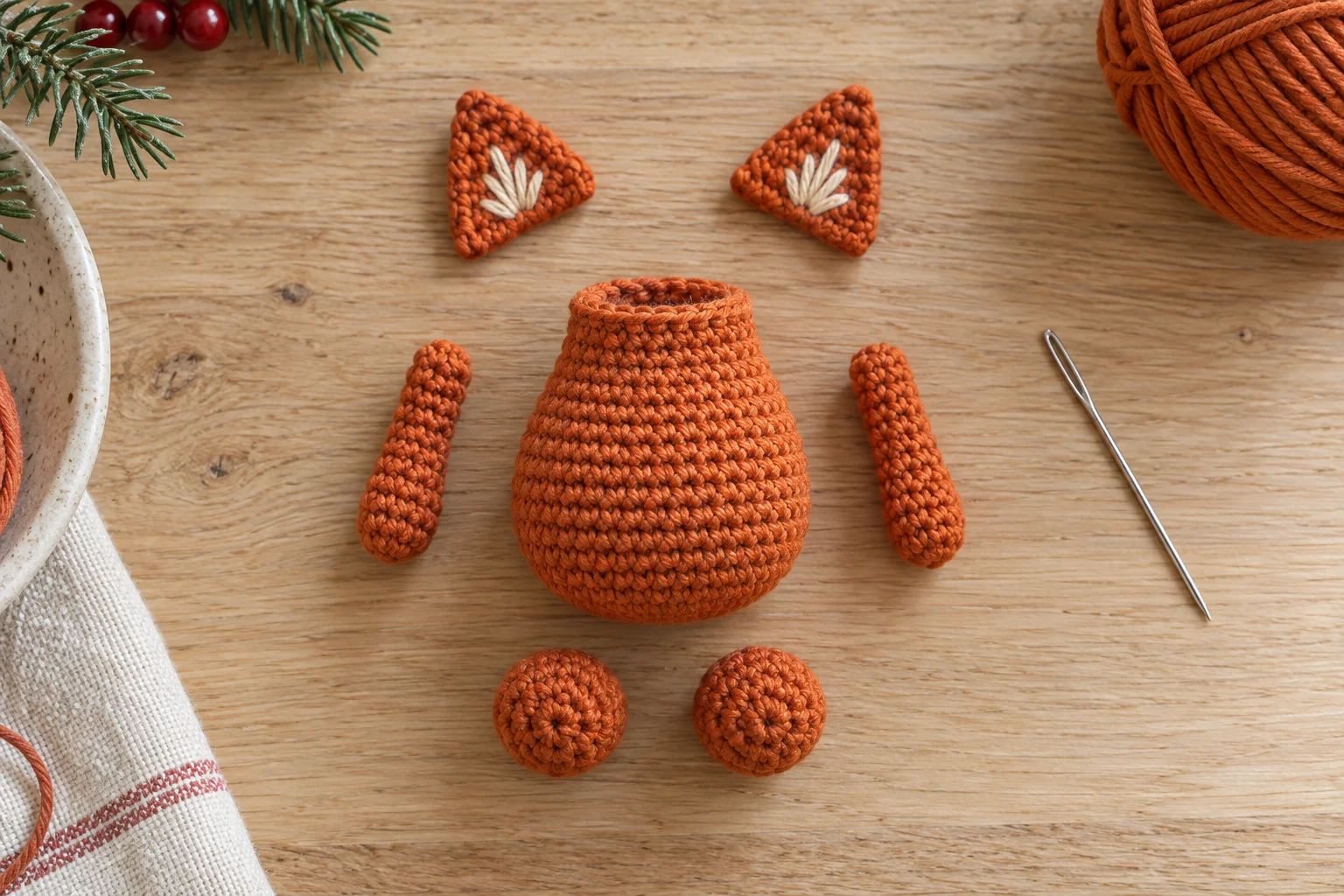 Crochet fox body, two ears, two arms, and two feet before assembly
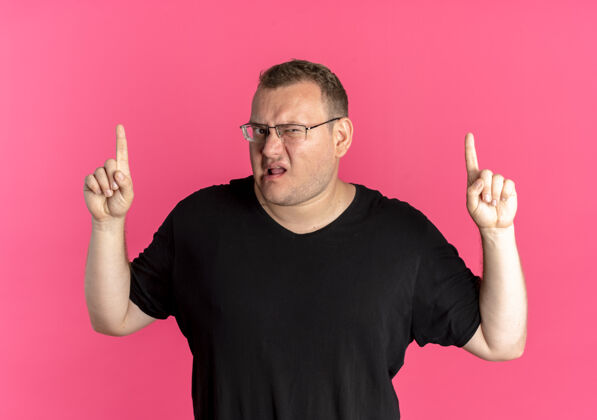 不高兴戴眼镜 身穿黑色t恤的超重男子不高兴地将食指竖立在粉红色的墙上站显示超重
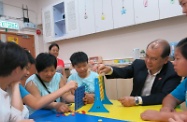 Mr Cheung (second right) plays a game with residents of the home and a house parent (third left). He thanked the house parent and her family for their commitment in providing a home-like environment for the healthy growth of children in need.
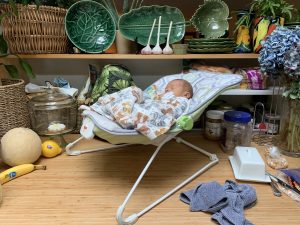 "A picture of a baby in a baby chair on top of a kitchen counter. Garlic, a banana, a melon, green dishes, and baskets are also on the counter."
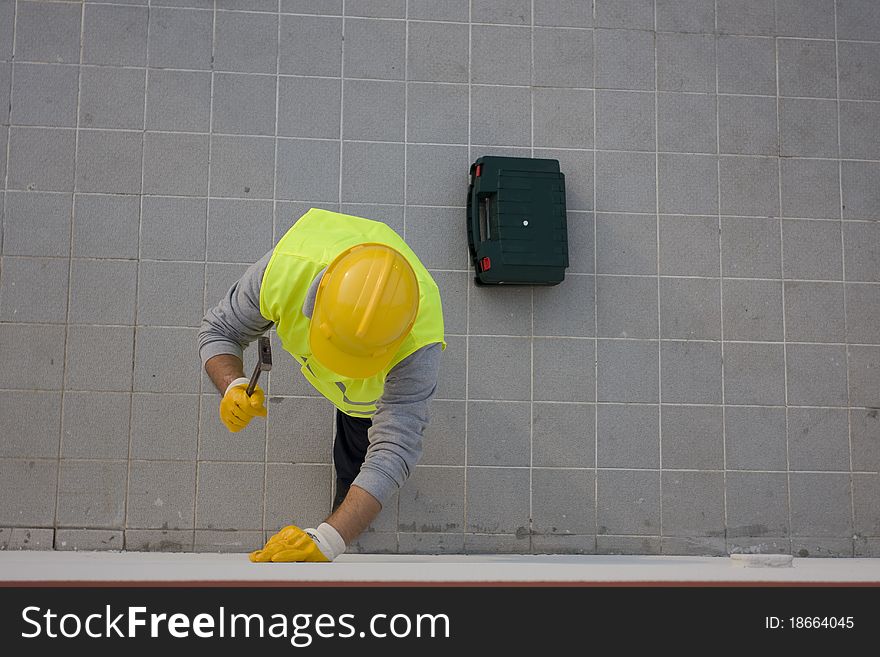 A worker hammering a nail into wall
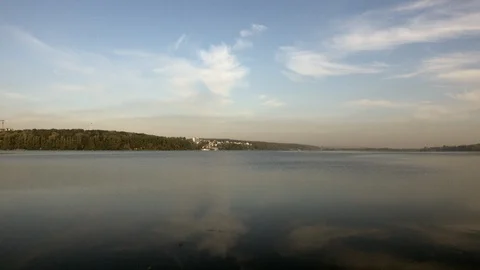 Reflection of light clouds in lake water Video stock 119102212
==
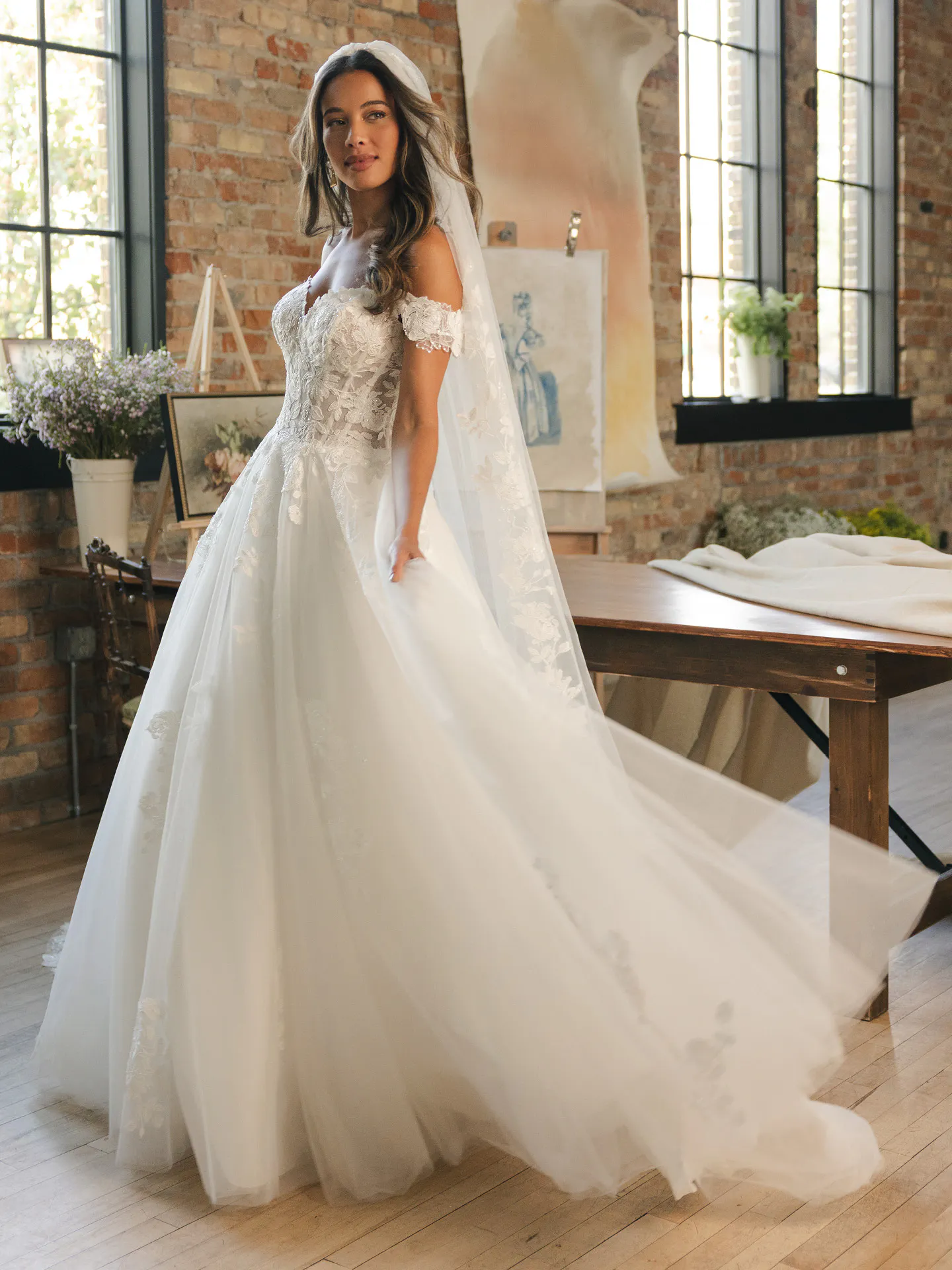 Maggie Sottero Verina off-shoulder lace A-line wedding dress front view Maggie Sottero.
---
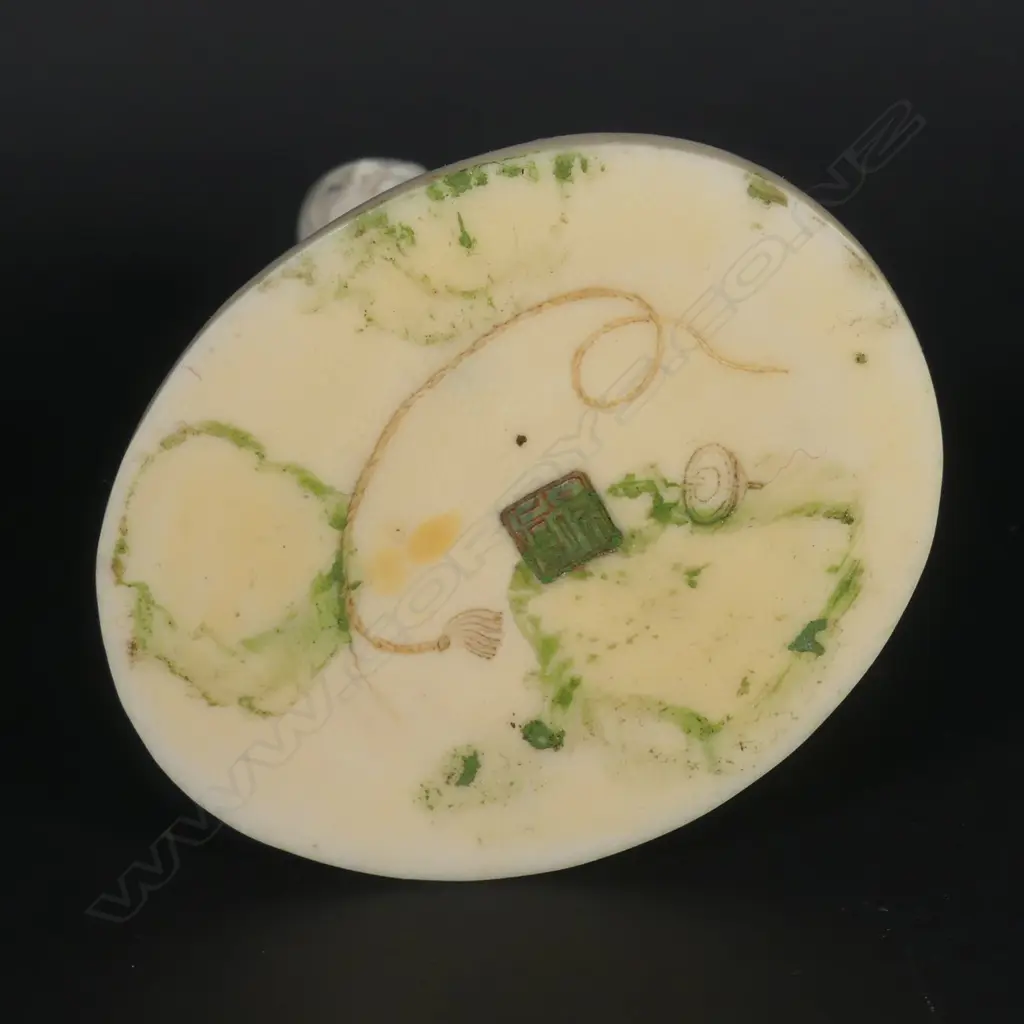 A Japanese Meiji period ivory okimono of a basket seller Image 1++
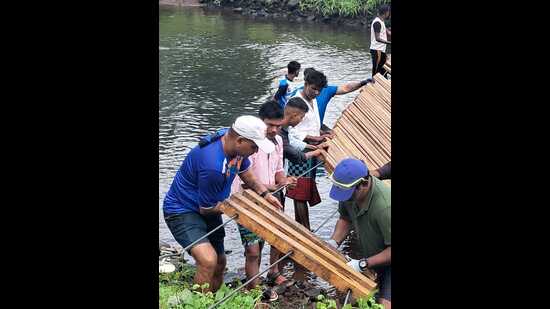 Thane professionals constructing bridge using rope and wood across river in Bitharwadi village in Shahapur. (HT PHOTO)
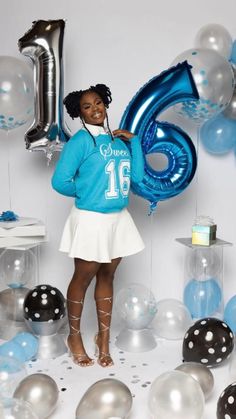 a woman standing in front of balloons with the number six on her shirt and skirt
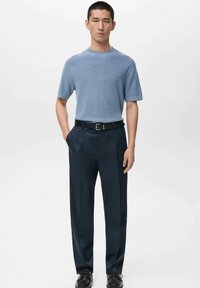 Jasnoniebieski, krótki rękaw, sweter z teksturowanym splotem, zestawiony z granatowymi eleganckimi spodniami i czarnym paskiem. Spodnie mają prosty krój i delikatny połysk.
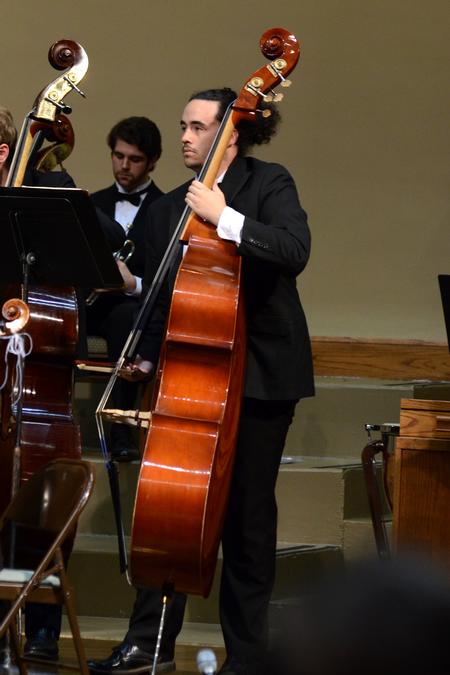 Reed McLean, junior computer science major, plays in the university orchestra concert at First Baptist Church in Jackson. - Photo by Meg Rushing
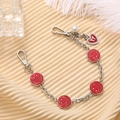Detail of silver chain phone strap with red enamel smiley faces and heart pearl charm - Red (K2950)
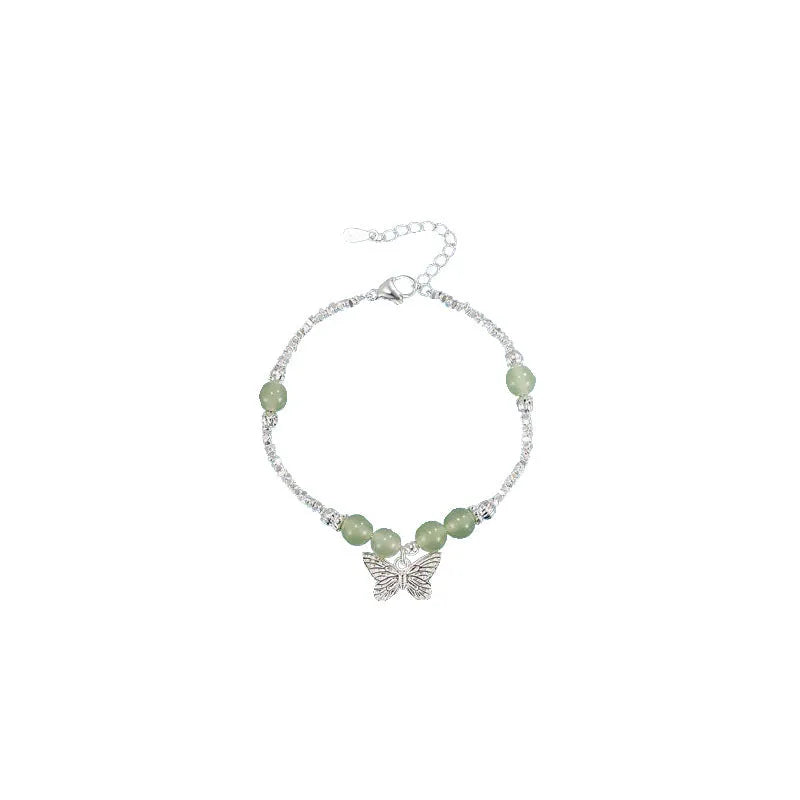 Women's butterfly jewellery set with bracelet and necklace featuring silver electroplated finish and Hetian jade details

> Task item
Set the pictures aside and reproduce exactly the lines above, from the line holding "不高兴戴眼镜 身穿黑色t恤的超重男子不高兴地将食指竖立在粉红色的墙上站显示超重" through the line holding "Reflection of light", both included, with nothing else.

> Output below
 不高兴戴眼镜 身穿黑色t恤的超重男子不高兴地将食指竖立在粉红色的墙上站显示超重
 Mr Cheung (second right) plays a game with residents of the home and a house parent (third left). He thanked the house parent and her family for their commitment in providing a home-like environment for the healthy growth of children in need.
 "A picture of a baby in a baby chair on top of a kitchen counter. Garlic, a banana, a melon, green dishes, and baskets are also on the counter."
 A worker hammering a nail into wall
 Reflection of light clouds in lake water Video stock 119102212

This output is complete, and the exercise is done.